What this task involves:
Restate word for word only the lines from the one with "Vestea că lacul" through the end of the records; no pictures belong in the copy.

Web page caption snippets:
↓

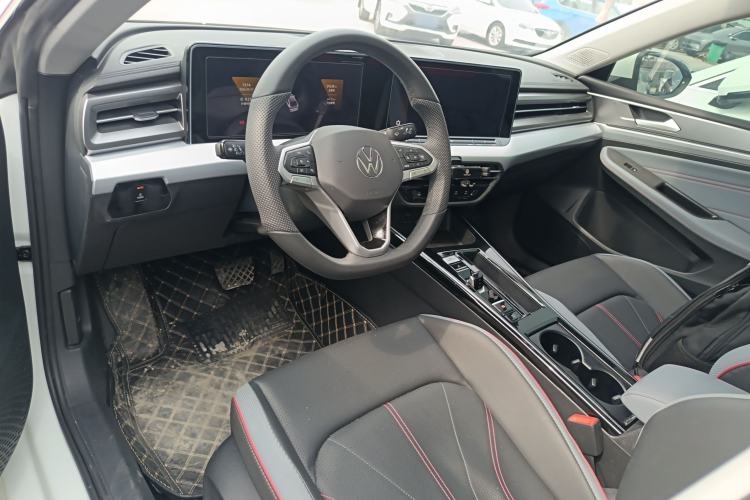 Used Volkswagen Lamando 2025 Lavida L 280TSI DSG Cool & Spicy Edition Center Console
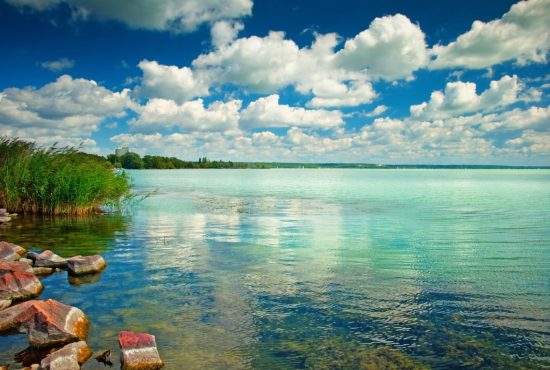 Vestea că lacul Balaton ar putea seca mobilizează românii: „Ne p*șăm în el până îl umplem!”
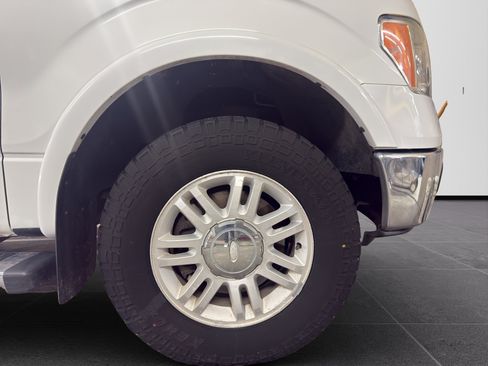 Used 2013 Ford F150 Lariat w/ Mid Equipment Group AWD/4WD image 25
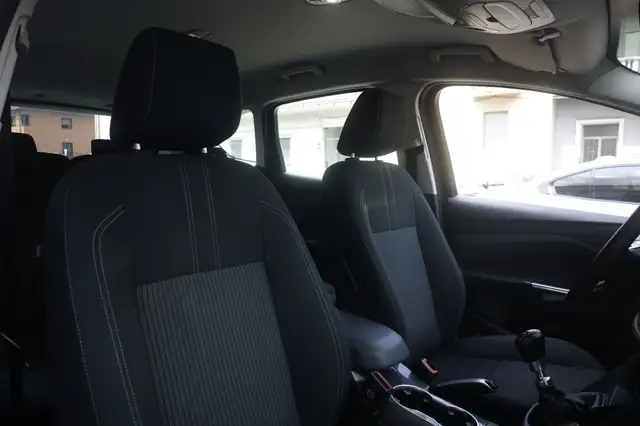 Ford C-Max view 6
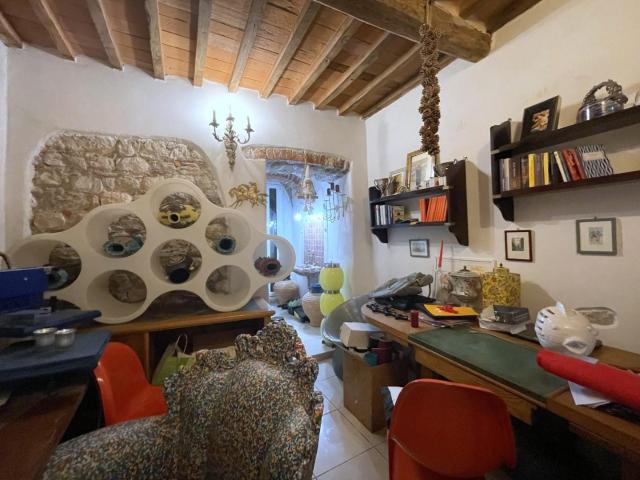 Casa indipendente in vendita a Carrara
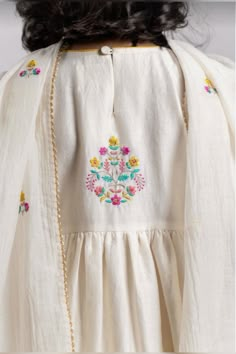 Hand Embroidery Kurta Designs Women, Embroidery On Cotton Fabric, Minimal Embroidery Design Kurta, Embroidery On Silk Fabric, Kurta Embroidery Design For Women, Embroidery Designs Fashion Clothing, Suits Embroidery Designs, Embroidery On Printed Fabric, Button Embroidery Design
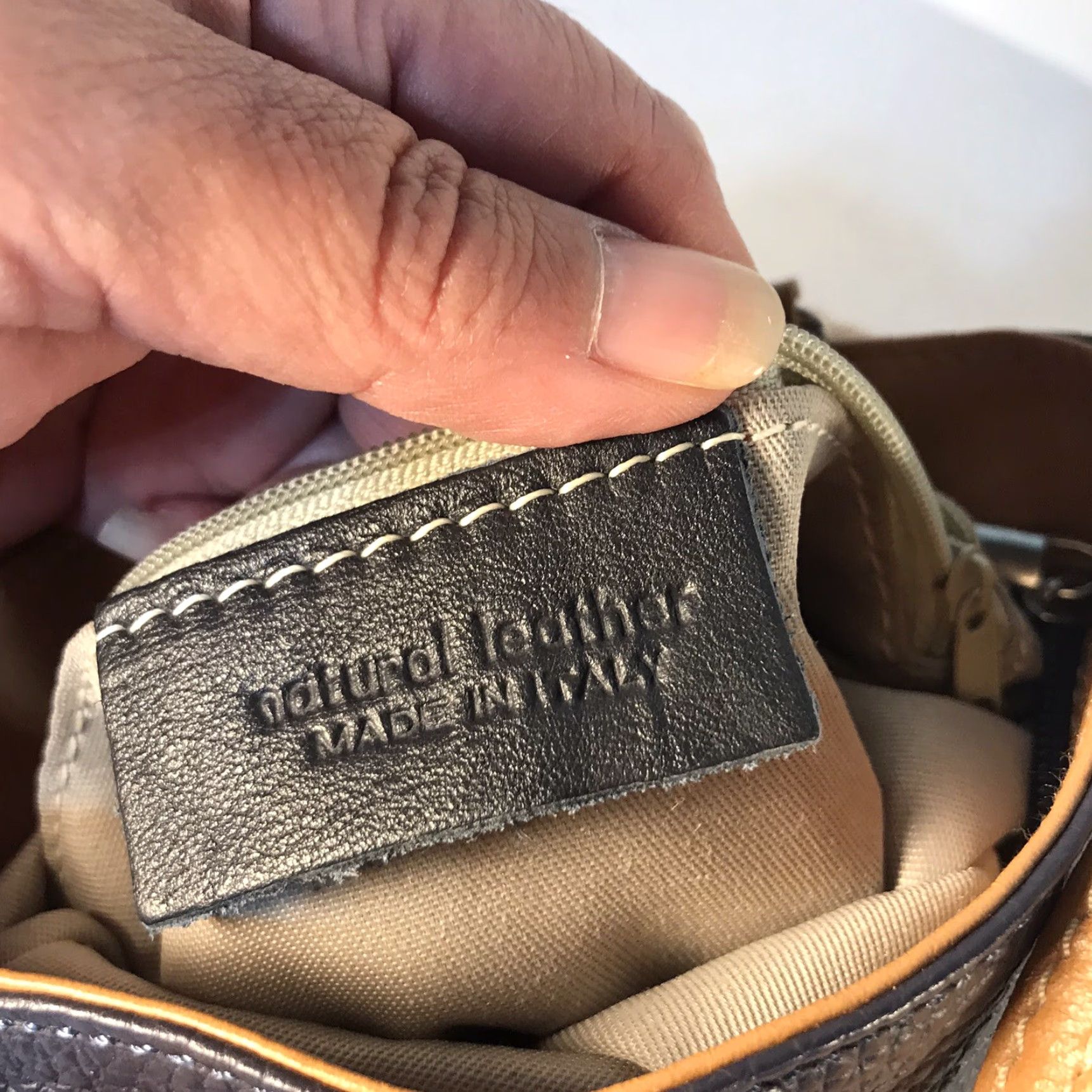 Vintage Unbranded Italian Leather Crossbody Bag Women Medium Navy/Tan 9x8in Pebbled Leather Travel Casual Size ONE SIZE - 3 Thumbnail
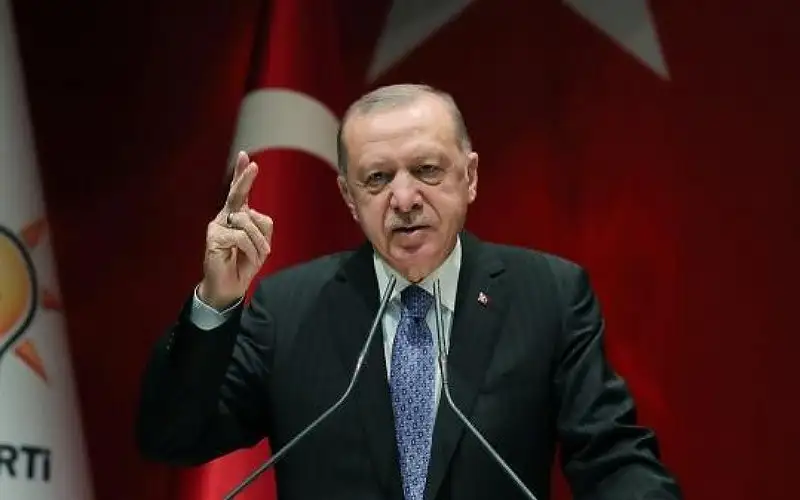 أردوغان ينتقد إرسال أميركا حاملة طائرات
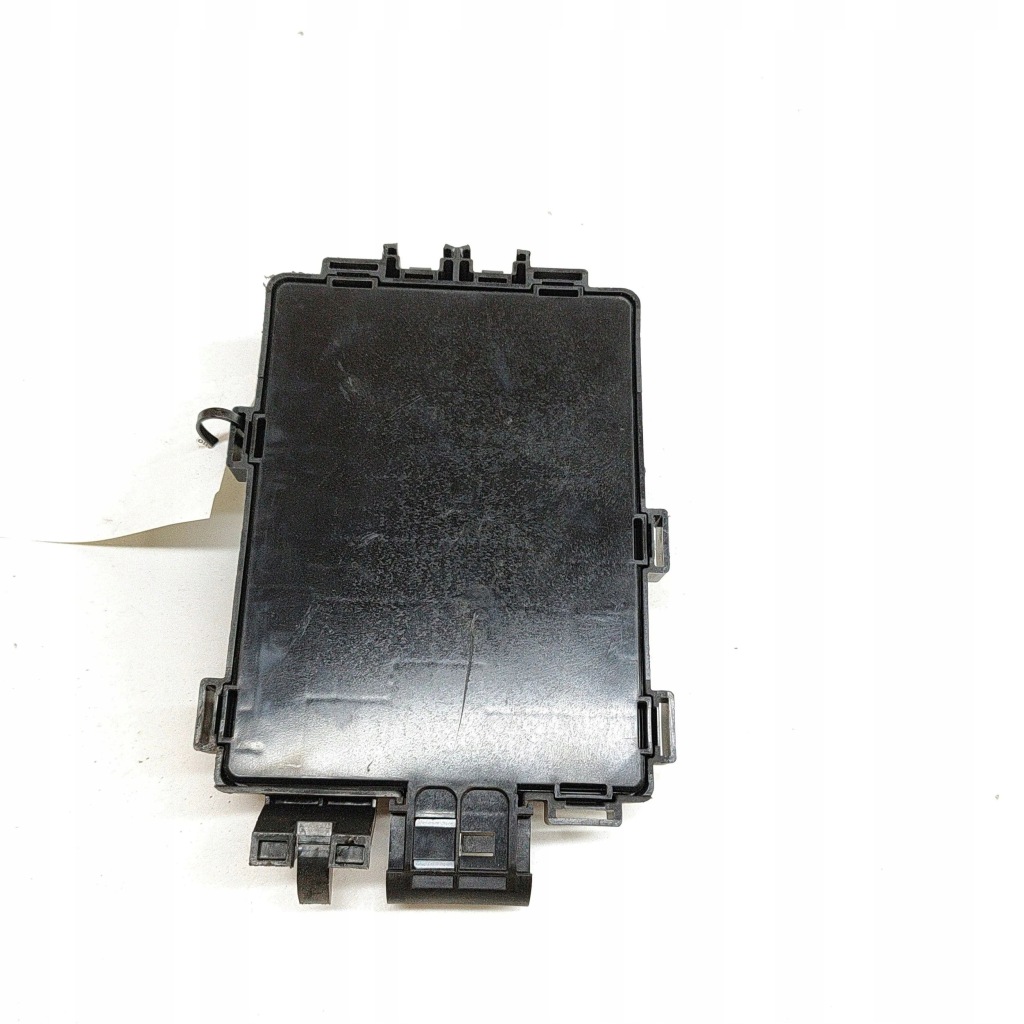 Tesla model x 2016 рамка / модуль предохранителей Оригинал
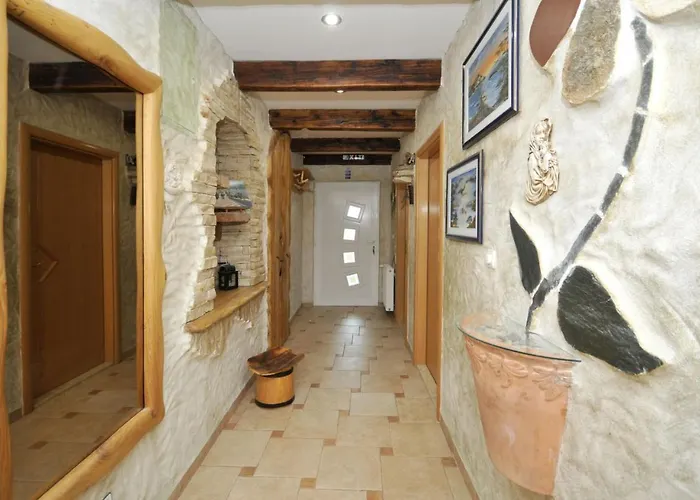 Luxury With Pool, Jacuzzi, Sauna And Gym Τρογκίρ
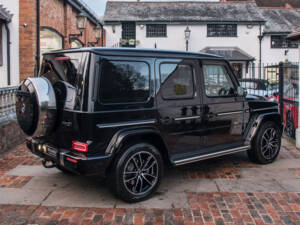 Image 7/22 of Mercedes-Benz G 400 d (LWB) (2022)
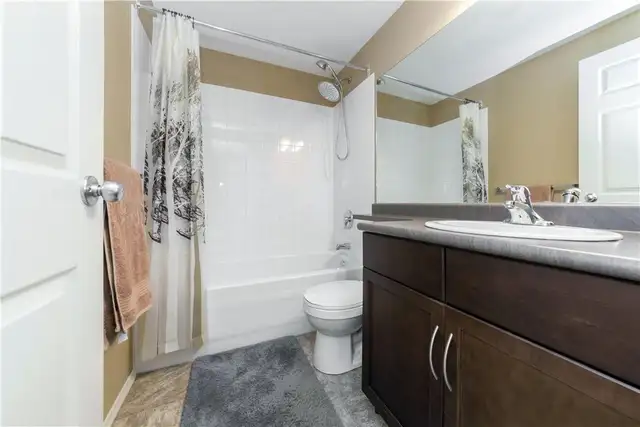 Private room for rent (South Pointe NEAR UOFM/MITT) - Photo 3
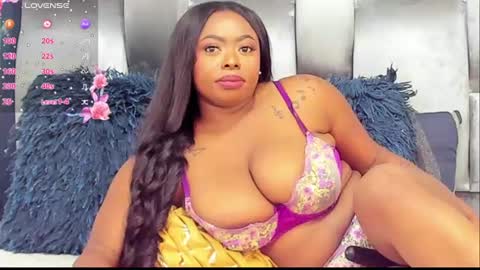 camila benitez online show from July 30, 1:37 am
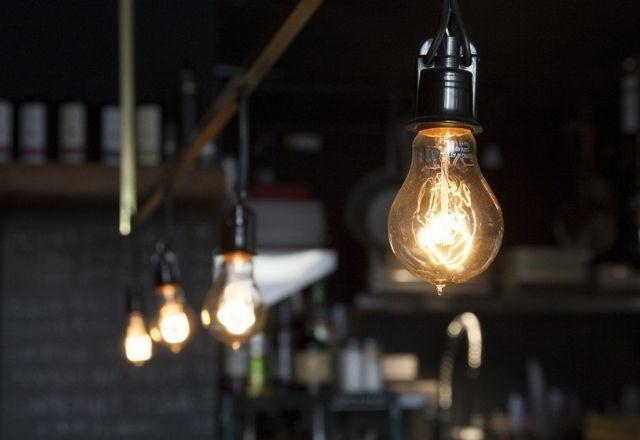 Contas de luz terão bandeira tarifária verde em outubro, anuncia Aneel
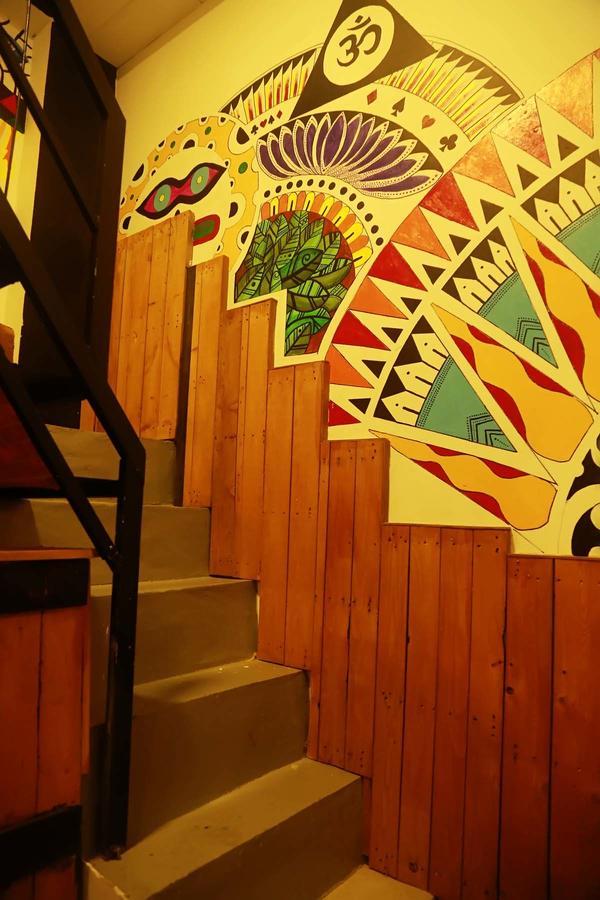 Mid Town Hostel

↑

Reply to the exercise:
 Vestea că lacul Balaton ar putea seca mobilizează românii: „Ne p*șăm în el până îl umplem!”
 Used 2013 Ford F150 Lariat w/ Mid Equipment Group AWD/4WD image 25
 Ford C-Max view 6
 Casa indipendente in vendita a Carrara
 Hand Embroidery Kurta Designs Women, Embroidery On Cotton Fabric, Minimal Embroidery Design Kurta, Embroidery On Silk Fabric, Kurta Embroidery Design For Women, Embroidery Designs Fashion Clothing, Suits Embroidery Designs, Embroidery On Printed Fabric, Button Embroidery Design
 Vintage Unbranded Italian Leather Crossbody Bag Women Medium Navy/Tan 9x8in Pebbled Leather Travel Casual Size ONE SIZE - 3 Thumbnail
 أردوغان ينتقد إرسال أميركا حاملة طائرات
 Tesla model x 2016 рамка / модуль предохранителей Оригинал
 Luxury With Pool, Jacuzzi, Sauna And Gym Τρογκίρ
 Image 7/22 of Mercedes-Benz G 400 d (LWB) (2022)
 Private room for rent (South Pointe NEAR UOFM/MITT) - Photo 3
 camila benitez online show from July 30, 1:37 am
 Contas de luz terão bandeira tarifária verde em outubro, anuncia Aneel
 Mid Town Hostel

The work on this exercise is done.